Diego González

Personal information
- Full name: Diego González Cabanes
- Date of birth: 7 May 1999 (age 27)
- Place of birth: Villarreal, Spain
- Height: 1.79 m (5 ft 10 in)
- Position: Centre-back

Team information
- Current team: Zaragoza

Youth career
- Villarreal
- 2017–2018: Betis

Senior career*
- Years: Team / Apps / (Gls)
- 2016–2017: Almazora [es] / 25 / (1)
- 2018–2019: Betis B / 39 / (3)
- 2019–2021: Llagostera / 43 / (1)
- 2021–2024: Andorra / 45 / (1)
- 2022–2023: → Eldense (loan) / 34 / (1)
- 2024–2025: Huesca / 23 / (1)
- 2025–2026: Ceuta / 35 / (0)
- 2026–: Zaragoza / 0 / (0)

= Diego González (footballer, born 1999) =

Spanish footballer

Diego González Cabanes (born 7 May 1999) is a Spanish professional footballer who plays as a centre-back for Real Zaragoza.

==Club career==
Born in Villarreal, Castellón, Valencian Community, González represented hometown side Villarreal CF as a youth before moving to Tercera División side CD Almazora on 18 October 2016. He made his senior debut five days later, starting in a 1–1 away draw against Ontinyent CF.

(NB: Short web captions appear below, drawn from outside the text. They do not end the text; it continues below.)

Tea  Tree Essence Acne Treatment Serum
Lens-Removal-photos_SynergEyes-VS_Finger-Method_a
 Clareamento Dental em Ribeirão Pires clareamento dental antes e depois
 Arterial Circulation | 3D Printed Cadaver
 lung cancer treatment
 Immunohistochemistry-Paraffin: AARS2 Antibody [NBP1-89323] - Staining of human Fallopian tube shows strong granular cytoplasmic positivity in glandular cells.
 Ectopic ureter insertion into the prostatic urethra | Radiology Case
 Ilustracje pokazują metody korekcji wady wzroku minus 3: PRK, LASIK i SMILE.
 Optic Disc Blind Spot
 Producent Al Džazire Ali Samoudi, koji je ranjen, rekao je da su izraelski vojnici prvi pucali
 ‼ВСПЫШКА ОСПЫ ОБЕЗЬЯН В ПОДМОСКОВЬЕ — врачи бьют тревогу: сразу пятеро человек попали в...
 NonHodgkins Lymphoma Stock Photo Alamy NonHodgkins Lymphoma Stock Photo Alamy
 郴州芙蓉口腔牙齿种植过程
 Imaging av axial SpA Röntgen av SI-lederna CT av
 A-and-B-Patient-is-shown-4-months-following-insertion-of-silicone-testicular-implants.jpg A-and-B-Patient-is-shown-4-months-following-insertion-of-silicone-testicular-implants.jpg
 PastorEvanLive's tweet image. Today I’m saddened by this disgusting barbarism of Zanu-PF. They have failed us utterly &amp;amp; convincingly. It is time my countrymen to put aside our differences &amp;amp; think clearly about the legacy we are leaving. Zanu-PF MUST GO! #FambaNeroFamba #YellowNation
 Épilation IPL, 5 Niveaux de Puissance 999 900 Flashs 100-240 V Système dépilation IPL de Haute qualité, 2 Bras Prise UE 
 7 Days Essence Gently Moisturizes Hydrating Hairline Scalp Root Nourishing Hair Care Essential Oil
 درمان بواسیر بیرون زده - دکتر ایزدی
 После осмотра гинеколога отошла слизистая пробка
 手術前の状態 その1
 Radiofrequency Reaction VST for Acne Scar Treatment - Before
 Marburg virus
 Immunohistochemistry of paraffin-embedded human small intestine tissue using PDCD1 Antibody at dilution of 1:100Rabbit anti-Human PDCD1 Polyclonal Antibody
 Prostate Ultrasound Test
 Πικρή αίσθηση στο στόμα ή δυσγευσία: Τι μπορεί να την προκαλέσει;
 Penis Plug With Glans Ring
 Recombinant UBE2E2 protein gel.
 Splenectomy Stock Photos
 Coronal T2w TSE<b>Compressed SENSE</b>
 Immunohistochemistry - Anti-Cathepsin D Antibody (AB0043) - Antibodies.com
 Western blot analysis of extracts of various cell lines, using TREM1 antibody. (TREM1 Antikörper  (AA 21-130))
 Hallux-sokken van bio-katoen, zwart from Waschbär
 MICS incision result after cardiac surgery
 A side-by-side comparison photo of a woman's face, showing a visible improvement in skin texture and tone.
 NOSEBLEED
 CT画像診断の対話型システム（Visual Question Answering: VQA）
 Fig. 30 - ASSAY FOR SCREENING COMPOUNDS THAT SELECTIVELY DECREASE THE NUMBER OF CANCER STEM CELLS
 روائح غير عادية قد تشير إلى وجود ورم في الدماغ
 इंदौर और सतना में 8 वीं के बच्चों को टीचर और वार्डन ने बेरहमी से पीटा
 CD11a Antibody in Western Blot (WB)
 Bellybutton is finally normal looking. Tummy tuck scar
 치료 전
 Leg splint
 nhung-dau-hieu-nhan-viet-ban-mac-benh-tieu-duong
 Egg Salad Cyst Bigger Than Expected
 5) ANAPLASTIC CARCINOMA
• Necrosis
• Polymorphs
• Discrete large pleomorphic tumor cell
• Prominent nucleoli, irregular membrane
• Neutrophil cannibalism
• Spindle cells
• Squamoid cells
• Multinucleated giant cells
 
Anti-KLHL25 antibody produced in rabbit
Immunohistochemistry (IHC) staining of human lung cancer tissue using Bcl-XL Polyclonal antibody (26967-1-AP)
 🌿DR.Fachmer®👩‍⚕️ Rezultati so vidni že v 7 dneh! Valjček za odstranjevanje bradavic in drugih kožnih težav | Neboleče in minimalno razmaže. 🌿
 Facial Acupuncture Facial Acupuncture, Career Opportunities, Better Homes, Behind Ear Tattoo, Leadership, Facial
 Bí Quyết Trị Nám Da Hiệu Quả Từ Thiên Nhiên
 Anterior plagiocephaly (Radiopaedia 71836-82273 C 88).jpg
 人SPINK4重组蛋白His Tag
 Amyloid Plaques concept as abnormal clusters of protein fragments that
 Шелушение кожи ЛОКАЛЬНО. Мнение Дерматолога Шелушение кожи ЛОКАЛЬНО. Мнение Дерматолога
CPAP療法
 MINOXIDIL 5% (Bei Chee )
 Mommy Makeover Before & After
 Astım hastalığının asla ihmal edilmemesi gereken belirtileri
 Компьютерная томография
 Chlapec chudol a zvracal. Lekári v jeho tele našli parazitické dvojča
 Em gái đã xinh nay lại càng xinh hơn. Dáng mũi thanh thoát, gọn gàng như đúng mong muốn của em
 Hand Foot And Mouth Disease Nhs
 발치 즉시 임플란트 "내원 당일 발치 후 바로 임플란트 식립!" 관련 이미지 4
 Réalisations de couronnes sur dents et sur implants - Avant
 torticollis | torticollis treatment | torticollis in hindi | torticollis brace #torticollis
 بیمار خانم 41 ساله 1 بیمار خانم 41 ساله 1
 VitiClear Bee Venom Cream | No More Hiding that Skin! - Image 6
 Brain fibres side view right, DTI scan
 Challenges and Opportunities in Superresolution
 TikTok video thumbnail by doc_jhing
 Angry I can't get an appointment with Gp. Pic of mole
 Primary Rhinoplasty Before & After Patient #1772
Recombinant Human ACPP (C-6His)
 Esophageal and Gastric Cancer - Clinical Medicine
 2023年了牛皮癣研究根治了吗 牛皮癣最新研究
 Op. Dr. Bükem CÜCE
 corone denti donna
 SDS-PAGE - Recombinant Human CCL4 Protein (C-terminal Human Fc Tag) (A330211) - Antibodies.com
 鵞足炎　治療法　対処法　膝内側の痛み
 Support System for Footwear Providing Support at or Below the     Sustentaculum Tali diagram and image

In 2017, González signed for Real Betis and returned to youth football. On 29 July 2019, after playing for the reserves also in the fourth division, he joined Segunda División B side UE Llagostera.

On 22 July 2021, González agreed to a contract with Primera División RFEF side FC Andorra. He was mainly a backup option to Adrià Vilanova and Álex Pastor during the season, as the club achieved a first-ever promotion to Segunda División.

On 29 July 2022, González was loaned to CD Eldense in the third tier, for one year. A regular starter, he contributed with one goal in 41 appearances overall as the side returned to the second level after a 59-year absence.

Back to the Tricolors in July 2023, González made his professional debut on 13 August, coming on as a late substitute for Julen Lobete in a 1–0 away win over CD Leganés. On 5 July 2024, after suffering relegation, he signed a two-year deal with SD Huesca also in the second division.

On 8 August 2025, González joined AD Ceuta FC also in division two on a one-year contract. The following 21 July, he agreed to a two-year deal with Real Zaragoza, freshly relegated to division three.